新潮社★★★
奥泉光は「雪の階」を読んだことがあるだけ。二・二六直前の東京、青年士官たちの気分とか、チンケな華族の家の話とか、発生する怪しげな殺人事件。奇妙な魅力の理系お嬢さまとか、なかなかに面白い本でした。
で、今回は題材が将棋ですね。将棋神社で発見された矢文。結ばれた詰碁の図。ただし不詰めです。登場するのは奨励会、三段リーグ、実名の棋士たち。将棋記者。現実がいつのまにか魔界に変じ、数ページにわたって棋譜が展開。推理+ファンタジー+ミステリ+不可解。そんなに厚い本じゃないですが、かなり読みでがあります。

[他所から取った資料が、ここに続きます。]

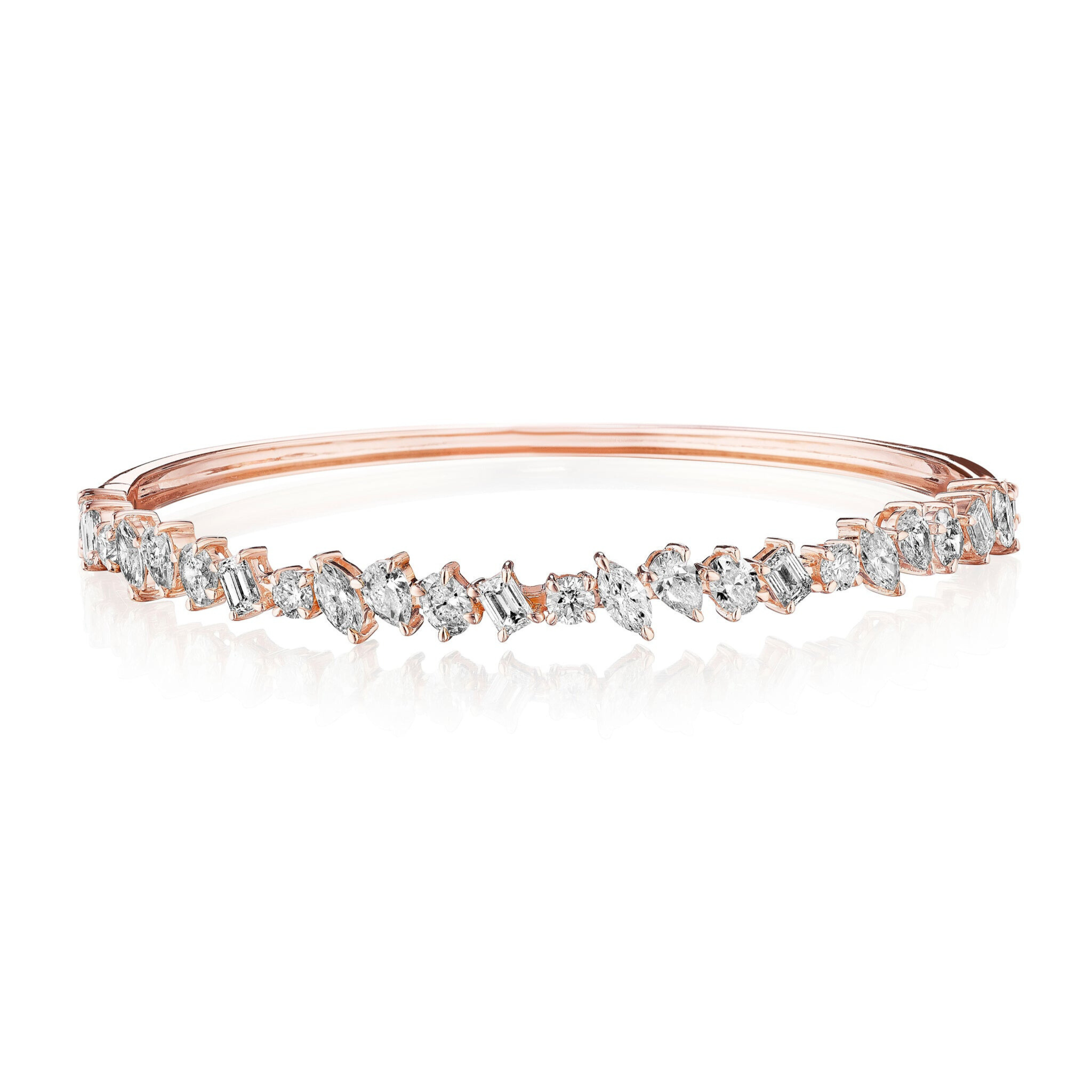 The Marching Mixed Shape Diamond Bangle, crafted in 18K rose gold with clear gemstones and emerald cut diamonds in an irregular pattern, showcases a sparkling, elegant design against a white background.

途中で女流棋士と北海道へ旅するシーンは「雪の階」でもあったな。たしかテキパキした(食欲旺盛な)若い女とぼんやりした記者だったか。今回もそうかな・・と思うと、違います。あんまり単純なストーリーラインじゃないです。作者の叙述を信用しちゃいけない。一転、二転、三転また四殿。
デングリガエシの結末に、えー? と読み直ししようかと思って、やはり止めました。なんかアヤフヤなままでもいい。読後感は悪くなかったです。ただこの作家の本、図書館にはあんまり置いてないんだなあ。